■ **PROBLEM DETAILS**
In the entries below, copy only the lines from the one that contains "Twilight Fever Lace" through the last line, exactly, and omit any pictures.

■ **RECORDED INFORMATION**
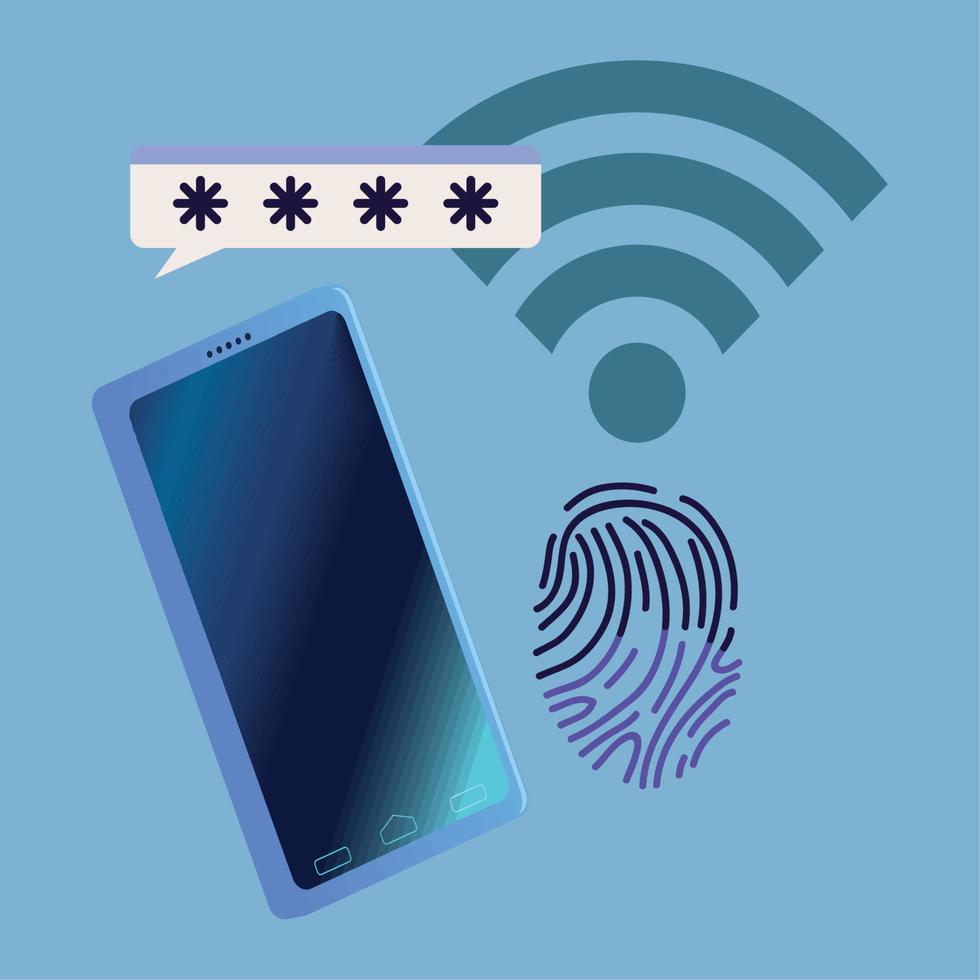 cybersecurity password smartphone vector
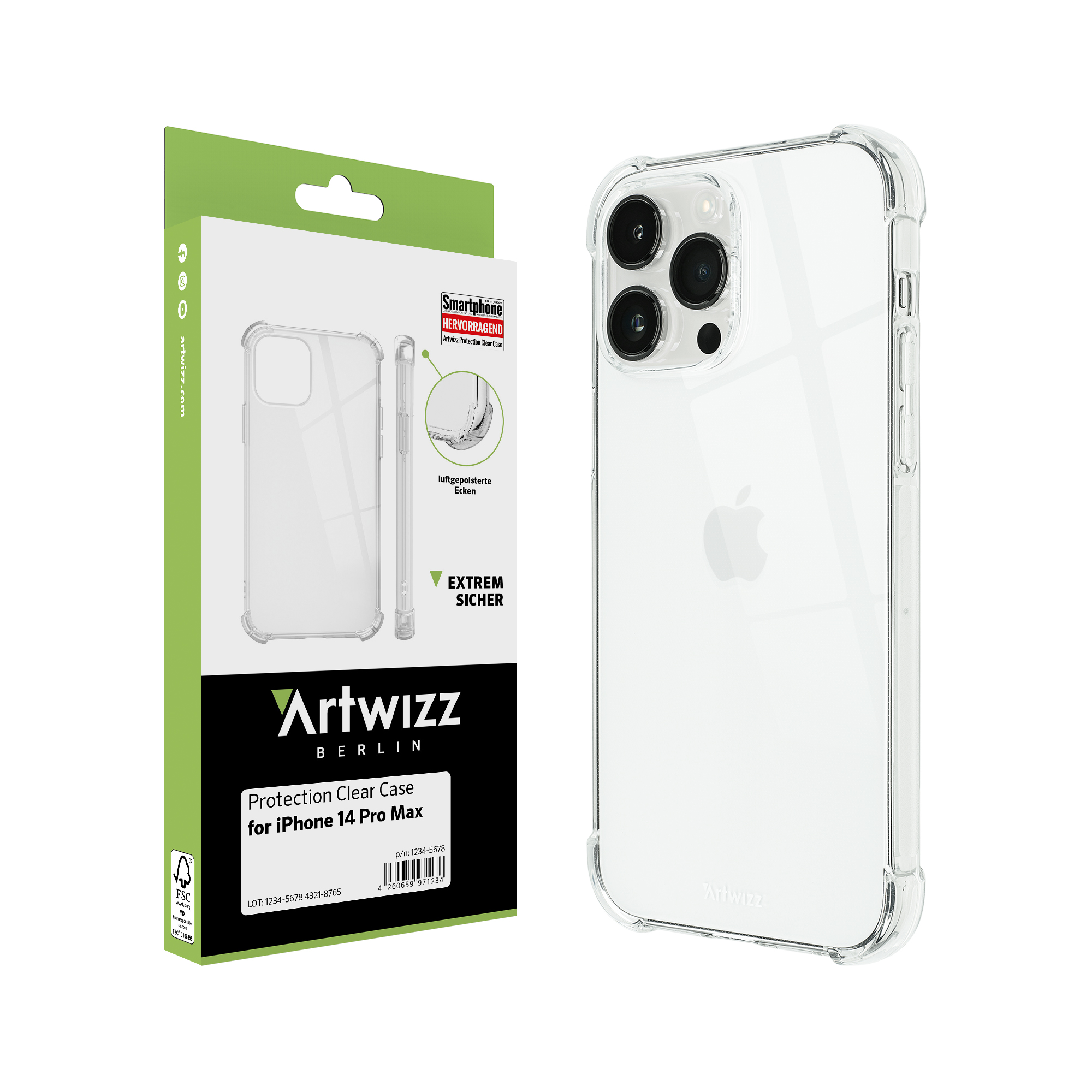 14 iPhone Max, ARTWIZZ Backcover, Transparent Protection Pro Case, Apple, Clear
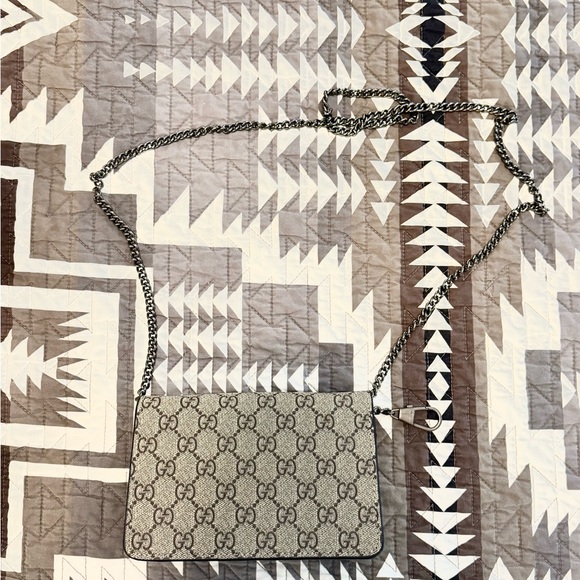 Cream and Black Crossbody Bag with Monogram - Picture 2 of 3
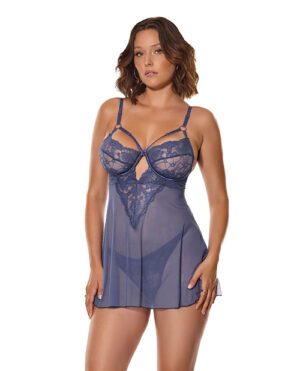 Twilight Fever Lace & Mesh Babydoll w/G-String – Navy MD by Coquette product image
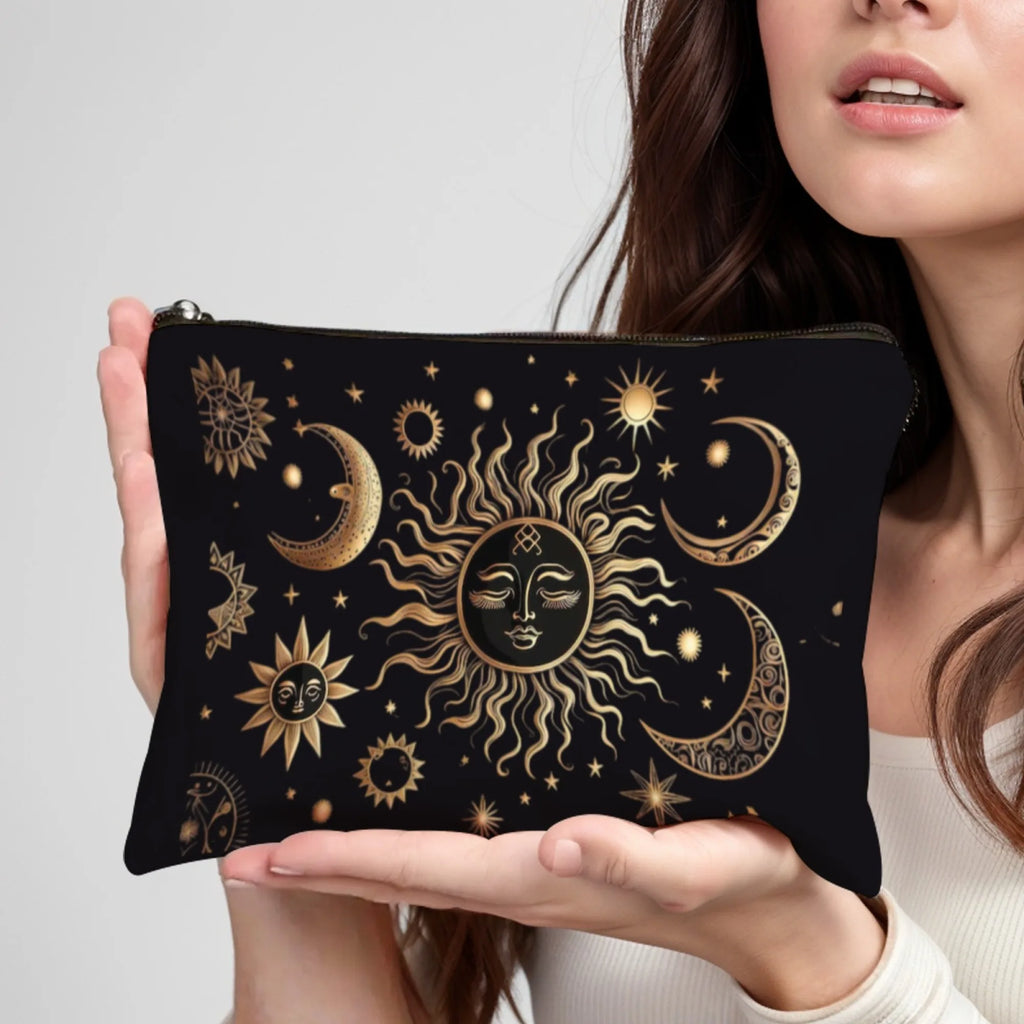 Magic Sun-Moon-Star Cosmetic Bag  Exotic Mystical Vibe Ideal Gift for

■ **TASK SOLUTION**
 Twilight Fever Lace & Mesh Babydoll w/G-String – Navy MD by Coquette product image
 Magic Sun-Moon-Star Cosmetic Bag  Exotic Mystical Vibe Ideal Gift for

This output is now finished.